La angustia descarnada de su voz tocó un lugar muy hondo dentro de ella. No quería que Ty se sintiera responsable por algo que no era culpa suya. Él le había salvado la vida y ella nunca lo olvidaría.

Ty estiró un brazo y la agarró de la mano. Aquello llegaba con diez años de retraso y, sin embargo, era justo lo que necesitaba Lacey en ese momento.

– Nadie lo sabía -Lacey cerró los dedos sobre su mano y su calor y su fuerza le dieron ánimos para continuar-. Pero luego las cosas mejoraron. La mujer que me contrató (Marina, se llamaba), me dejó dormir en su apartamento, en el suelo, hasta que encontré un alquiler barato.

– ¿Fue muy duro?

Lacey no quería disgustarle, pero era él quien había preguntado.

– La casa tenía habitantes. Había cucarachas en las paredes -intentó no sentir náuseas al recordarlo-. Y en la puerta de al lado vivía un borracho. Le gustaba pasearse por los pasillos en plena noche. Las cerraduras de la puerta de mi apartamento no funcionaban y el conserje no hacía caso cuando le pedía que las arreglara. No podía permitirme pagar a un cerrajero, así que cada noche arrastraba una cómoda hasta la puerta para asegurarme.

– Dios -repitió él. Se pasó una mano por la cara.

Ella no sabía qué decir, así que permaneció en silencio.

Por fin. Ty preguntó:

– ¿Y cómo es tu vida ahora?

Un tema mucho más sencillo, pensó ella, y sonrió.

– Tengo una empresa. Se llama Trabajos Esporádicos y presta servicios a hombres y mujeres que trabajan y están muy ocupados -dijo con orgullo-. Tengo unos quince empleados, dependiendo del día y del humor que tengan. Paseamos perros, limpiamos apartamentos, compramos comida, todo lo que una persona muy ocupada necesite que hagamos.
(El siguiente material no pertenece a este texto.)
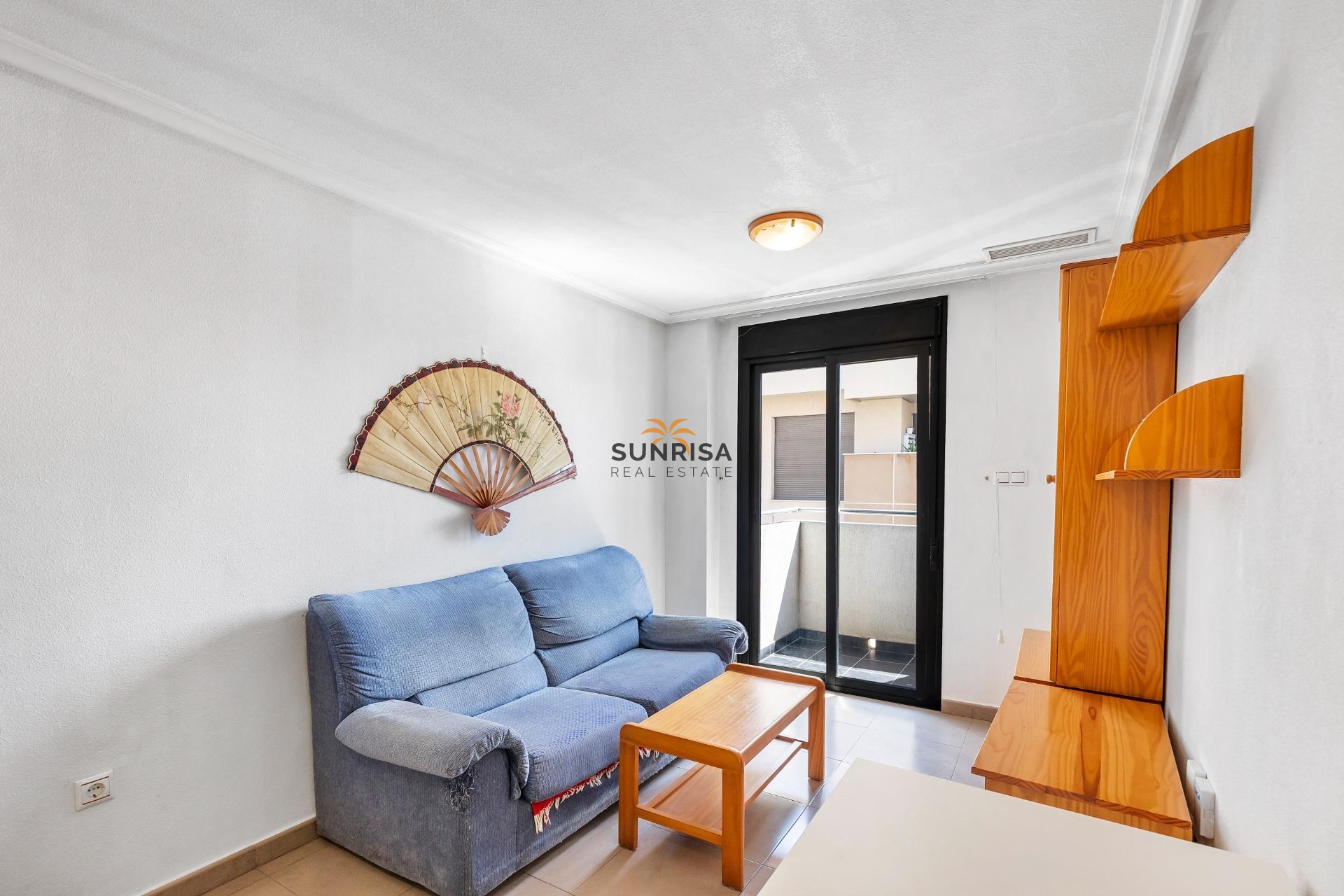 Resale - Apartment - Torrevieja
Con el tiempo he acumulado una clientela fiel y he podido aumentar los precios. Las cosas me van bastante bien.

Él sonrió.

– Has prosperado mucho.

En opinión de Lacey, no había tenido más remedio que seguir adelante.

– Te admiro, ¿sabes?

Las palabras de Ty la pillaron por sorpresa, pero al mismo tiempo la reconfortaron. Aun así, no buscaba su lástima, ni su admiración.
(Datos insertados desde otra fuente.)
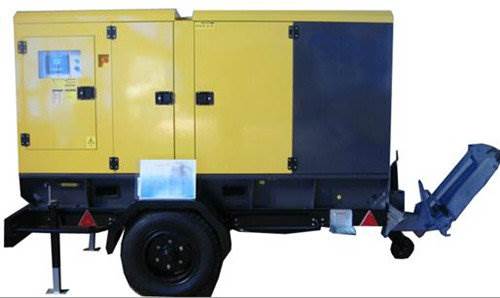 本溪发电机组维修后输出功率降低是什么问题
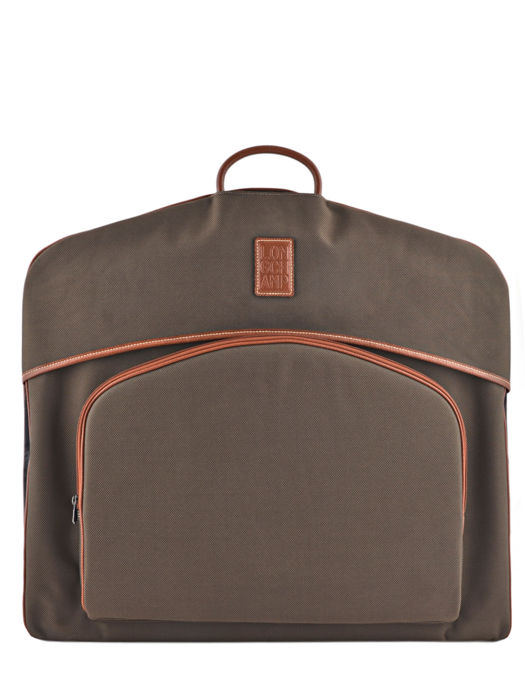 Longchamp Boxford Garment case Brown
– Sólo hice lo que tuve que hacer para sobrevivir. ¿Y tú? -le preguntó.

Quería saber por qué había dejado la universidad, cuando ésta había sido durante mucho tiempo su meta. ¿Y qué explicaba la diferencia en su tono de voz cuando le había hablado de su madre? Había sido un matiz muy sutil, pero ella lo había notado de todos modos. Se preguntaba cuál era la causa.

– ¿Ty? ¿Qué fue de Hunter y de ti cuando me marché? -preguntó, llena de curiosidad por saber qué había ocurrido durante esos años.

– Esa historia vamos a dejarla para otro día -él bajó la mirada y de pronto, al darse cuenta de que seguía agarrándola de la mano, sus ojos se agrandaron.

Lacey deseó que la tomara en brazos y le diera un largo beso. Un beso como aquéllos con los que soñaba cuando dormía en su casa, a unos pocos metros de su habitación. Y como los que, más adelante, la habían reconfortado de noche, cuando pensaba que se volvería loca de miedo y soledad.

Aquélla no era la primera noche que veía anhelo y deseo en lo más profundo de los ojos de Ty, ni era la primera vez que dejaba que el presente se disipara. Al igual que antes, cuando estaban juntos, poco más importaba.

– Es tarde y deberíamos dormir un poco -Ty se levantó y apartó la mano de la de ella.

Lacey agradeció que conservara el sentido común, pero al mismo tiempo sintió que la desilusión le constreñía la garganta. Obviamente, ella no tenía ningún sentido común.

– Veo que todavía te gusta mandar.

Él se encogió de hombros sin disculparse por su carácter autoritario.

– Tienes que tomar decisiones importantes y estoy seguro de que dormir te ayudará -dijo con voz más suave.

– Ya me he decidido -ella asintió con la cabeza firmemente, consciente de que no tenía elección.

Ty levantó una ceja.

– ¿Vas a volver a casa?

Lacey tragó saliva y asintió.

– Pero no puedo recoger mis cosas e irme sin arreglar antes algunas cosas.

– ¿Por la empresa?

– Sobre todo. Tengo que encontrar a alguien que se ocupe de todo hasta que vuelva -mentalmente, ya había empezado a hacer una lista de gente a la que llamar y cosas que hacer-. Y también tengo vecinos que podrían preocuparse. Amigos y… -«a Alex», pensó, a sabiendas de que él se volvería loco de preocupación si desaparecía de repente.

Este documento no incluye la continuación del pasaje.